# 298: Intellect
Story behind the Passage
We forget so much, it is incredible. I admire the people who can quote passages and the corresponding authors’ names by heart. I have never been able to do this. I am happy if I remember a central statement by a sole author. It is not that I forget everything I once read. It is more like everything I read just stays separate from whatever is already present in my mind for a very short period of time; the time I spend intensely pondering this particular material. And as I go through this process, there is a certain point at which the new information becomes to attached to all previous thoughts and “knowledge” that I have trouble remembering the bits and pieces.
This happens with Emerson all the time. Especially while studying as a graduate in the U.S. for a year, I literally swallowed his writings. Yes, I kind of had to because I was taking an “Emerson and Douglas” seminar. Still, hardly any other author shaped my intellectual journey in literary studies as much as he did. When I look at the collection of essays nowadays, which I do not do very often, unfortunately, I see all markings and notes next to the essays. I see titles which I completely forgot about already. This also applies to this essay “Intellect.” I just consulted the book today because I am thinking a lot these days and I just had to consult him today for my blog topic. Still, I had no idea I would find an essay and a passage that is so much to the point regarding what moves me these days.
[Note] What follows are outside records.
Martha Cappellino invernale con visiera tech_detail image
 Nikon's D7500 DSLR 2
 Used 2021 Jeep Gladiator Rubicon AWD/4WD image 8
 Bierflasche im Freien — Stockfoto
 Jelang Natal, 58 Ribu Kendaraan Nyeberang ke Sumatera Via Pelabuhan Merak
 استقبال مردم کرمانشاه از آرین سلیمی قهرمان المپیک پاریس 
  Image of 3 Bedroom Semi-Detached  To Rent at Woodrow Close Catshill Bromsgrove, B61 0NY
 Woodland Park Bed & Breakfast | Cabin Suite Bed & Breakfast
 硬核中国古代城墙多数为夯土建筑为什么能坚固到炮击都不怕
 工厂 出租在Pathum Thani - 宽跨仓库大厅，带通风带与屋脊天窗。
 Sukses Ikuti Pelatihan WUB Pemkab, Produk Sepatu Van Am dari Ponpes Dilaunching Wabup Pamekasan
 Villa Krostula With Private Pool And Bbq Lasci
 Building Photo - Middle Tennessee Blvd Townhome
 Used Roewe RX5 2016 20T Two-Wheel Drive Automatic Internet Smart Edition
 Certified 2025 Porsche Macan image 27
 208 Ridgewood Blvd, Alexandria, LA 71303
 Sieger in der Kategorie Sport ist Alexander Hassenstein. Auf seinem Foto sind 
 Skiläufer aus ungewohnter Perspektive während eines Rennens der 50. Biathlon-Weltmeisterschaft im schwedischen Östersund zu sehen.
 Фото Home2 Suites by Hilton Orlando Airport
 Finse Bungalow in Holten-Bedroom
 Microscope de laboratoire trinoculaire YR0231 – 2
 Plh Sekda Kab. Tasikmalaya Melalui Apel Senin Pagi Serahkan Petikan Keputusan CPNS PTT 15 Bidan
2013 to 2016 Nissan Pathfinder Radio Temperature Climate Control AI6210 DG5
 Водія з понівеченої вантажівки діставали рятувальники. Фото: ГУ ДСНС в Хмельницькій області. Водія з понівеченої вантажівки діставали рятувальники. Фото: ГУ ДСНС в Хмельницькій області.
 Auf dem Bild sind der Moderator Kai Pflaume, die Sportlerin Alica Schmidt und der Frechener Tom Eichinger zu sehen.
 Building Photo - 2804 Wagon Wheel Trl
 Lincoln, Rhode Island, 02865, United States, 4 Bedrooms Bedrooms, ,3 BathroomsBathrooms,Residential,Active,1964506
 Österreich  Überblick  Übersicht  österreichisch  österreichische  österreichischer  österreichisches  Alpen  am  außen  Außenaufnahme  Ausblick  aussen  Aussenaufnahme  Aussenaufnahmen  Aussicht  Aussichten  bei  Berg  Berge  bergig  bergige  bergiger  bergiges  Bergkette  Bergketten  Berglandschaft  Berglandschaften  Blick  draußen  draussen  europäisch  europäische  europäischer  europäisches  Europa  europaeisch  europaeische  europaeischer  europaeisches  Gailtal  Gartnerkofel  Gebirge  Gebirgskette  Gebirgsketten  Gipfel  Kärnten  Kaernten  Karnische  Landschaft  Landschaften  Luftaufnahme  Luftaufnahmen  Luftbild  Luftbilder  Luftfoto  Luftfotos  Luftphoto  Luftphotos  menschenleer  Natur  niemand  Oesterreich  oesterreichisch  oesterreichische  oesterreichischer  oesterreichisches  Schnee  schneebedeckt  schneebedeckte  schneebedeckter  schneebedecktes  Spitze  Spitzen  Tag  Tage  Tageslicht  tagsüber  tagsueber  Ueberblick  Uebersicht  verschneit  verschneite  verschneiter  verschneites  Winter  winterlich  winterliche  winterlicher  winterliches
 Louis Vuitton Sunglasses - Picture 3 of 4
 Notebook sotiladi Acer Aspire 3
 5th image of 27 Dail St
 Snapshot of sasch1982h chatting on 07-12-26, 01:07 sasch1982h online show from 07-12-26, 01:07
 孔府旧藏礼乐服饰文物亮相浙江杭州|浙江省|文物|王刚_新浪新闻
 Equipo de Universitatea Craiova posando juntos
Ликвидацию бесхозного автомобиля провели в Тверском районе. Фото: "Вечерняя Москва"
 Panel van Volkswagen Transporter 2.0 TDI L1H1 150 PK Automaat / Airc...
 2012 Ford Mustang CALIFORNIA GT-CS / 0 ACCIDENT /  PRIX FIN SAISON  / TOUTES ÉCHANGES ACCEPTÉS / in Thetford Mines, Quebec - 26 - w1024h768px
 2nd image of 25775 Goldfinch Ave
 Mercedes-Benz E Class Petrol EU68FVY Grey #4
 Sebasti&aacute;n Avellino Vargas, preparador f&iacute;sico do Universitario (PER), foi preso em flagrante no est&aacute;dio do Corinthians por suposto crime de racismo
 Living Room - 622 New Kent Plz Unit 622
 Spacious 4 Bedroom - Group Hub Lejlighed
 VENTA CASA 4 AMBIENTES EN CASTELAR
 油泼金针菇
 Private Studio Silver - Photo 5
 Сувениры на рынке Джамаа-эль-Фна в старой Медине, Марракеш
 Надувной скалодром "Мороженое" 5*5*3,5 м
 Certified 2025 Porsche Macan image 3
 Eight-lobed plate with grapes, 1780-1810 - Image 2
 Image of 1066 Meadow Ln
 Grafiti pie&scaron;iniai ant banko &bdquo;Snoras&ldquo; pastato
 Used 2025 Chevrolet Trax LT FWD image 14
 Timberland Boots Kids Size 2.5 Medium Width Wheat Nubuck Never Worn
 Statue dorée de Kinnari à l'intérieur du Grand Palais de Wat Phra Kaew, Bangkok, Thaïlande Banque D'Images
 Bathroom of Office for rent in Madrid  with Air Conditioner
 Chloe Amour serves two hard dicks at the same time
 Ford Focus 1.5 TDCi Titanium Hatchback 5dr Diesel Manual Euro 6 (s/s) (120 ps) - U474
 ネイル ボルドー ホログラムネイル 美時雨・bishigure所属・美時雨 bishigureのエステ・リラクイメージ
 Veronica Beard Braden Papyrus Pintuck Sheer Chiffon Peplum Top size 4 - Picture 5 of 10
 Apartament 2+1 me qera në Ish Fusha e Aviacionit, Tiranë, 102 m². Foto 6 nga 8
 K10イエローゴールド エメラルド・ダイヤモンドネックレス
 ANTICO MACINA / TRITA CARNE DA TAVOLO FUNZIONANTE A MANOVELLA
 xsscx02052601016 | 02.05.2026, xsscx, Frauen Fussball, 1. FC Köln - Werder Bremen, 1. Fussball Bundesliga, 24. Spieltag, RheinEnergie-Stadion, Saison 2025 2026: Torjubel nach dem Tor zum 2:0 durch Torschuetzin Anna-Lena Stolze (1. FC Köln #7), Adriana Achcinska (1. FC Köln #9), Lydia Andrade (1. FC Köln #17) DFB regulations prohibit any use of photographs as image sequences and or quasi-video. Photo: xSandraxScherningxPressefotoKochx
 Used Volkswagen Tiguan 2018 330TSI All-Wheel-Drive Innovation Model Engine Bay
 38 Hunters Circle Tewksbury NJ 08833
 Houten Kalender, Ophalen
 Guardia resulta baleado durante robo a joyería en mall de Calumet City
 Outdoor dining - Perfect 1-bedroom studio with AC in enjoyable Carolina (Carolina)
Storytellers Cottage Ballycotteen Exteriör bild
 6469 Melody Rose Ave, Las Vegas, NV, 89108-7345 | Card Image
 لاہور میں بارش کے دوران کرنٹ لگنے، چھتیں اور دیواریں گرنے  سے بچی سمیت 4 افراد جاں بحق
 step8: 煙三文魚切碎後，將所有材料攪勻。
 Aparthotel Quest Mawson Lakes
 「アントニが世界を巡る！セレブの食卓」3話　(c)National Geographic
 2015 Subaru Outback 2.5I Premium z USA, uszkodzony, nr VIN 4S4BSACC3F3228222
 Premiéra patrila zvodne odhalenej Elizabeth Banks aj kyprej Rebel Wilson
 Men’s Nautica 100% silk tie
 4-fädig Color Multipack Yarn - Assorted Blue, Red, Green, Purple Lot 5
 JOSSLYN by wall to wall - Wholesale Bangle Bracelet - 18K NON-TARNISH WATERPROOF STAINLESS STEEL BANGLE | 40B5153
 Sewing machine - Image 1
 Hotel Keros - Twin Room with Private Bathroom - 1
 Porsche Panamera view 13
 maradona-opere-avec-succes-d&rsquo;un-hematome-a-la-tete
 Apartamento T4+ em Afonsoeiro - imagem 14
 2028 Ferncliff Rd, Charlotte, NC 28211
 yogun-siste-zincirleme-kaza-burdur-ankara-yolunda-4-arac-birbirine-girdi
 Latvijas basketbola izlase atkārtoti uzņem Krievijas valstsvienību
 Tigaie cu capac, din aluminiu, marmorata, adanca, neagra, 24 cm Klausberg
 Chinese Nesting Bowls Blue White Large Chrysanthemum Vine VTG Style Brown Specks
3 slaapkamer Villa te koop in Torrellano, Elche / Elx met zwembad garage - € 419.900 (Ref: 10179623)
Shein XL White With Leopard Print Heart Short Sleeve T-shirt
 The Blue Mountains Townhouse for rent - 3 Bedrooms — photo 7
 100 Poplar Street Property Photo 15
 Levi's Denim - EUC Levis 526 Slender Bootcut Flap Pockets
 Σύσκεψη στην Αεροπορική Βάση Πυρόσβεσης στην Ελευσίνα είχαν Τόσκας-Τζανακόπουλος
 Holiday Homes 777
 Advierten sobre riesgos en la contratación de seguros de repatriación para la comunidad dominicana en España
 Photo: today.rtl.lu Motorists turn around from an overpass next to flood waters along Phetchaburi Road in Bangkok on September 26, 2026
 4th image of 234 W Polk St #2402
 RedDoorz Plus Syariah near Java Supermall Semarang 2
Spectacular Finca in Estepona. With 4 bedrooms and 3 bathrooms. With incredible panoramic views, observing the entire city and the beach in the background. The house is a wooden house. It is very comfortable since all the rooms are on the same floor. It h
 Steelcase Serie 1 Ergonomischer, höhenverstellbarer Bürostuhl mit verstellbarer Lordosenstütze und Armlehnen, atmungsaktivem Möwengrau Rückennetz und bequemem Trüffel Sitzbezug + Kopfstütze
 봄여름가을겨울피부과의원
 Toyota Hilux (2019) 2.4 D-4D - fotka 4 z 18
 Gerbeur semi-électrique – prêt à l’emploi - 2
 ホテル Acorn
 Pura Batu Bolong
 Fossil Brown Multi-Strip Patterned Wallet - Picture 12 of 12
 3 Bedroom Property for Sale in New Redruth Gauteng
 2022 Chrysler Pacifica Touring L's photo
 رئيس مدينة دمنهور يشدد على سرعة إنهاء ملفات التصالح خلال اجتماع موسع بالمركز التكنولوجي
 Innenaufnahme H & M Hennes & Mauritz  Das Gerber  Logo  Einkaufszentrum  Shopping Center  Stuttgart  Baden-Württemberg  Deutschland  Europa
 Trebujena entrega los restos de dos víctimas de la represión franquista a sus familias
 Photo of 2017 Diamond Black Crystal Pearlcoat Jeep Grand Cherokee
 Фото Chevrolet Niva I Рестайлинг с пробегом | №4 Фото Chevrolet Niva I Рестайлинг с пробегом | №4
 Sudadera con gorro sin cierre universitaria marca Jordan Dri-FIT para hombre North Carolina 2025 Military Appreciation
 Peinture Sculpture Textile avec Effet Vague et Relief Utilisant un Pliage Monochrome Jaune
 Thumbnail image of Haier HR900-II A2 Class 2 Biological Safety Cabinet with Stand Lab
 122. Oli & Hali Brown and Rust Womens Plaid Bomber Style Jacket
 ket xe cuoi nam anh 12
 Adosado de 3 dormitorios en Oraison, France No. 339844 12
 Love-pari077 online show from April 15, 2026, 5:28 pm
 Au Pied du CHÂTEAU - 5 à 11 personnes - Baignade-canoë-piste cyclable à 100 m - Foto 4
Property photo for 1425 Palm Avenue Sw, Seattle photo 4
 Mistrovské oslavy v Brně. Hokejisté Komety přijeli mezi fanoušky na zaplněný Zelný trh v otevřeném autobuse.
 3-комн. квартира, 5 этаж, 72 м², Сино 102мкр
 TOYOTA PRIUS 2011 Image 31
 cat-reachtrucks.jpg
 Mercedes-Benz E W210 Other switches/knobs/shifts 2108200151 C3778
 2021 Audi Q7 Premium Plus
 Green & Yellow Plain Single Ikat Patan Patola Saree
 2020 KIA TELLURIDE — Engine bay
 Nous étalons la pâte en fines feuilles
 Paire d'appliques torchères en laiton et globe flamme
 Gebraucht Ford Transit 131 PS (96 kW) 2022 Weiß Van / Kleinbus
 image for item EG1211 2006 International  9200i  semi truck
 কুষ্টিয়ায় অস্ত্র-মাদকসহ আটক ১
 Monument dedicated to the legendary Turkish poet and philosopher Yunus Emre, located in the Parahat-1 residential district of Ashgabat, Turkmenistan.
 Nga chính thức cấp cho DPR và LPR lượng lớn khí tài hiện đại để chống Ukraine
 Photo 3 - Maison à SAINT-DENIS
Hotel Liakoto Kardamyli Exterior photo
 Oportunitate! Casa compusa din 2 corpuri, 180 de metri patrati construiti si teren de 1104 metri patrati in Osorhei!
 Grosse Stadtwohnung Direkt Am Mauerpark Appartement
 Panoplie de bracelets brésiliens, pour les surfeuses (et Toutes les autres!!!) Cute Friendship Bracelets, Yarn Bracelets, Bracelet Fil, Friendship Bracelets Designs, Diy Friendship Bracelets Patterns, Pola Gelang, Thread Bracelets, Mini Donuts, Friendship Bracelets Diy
This morning, I finished an essay about the connection between the present-day education system and entrepreneurship (among other things). I caught myself almost apologizing for the fact that I sketch such presumably old-fashioned thoughts about education as a path to wisdom and happiness. I even ended up explaining why what I am writing is explicitly not meant for a highly “intellectual” audience but for those who do not consider themselves intellectuals. The entire point of my “activism” is to show and make people experience that there is no understanding of what intellectual growth actually means and that you can learn about the true meaning of this only if you experience it. This takes me to the key sentences in this passage above.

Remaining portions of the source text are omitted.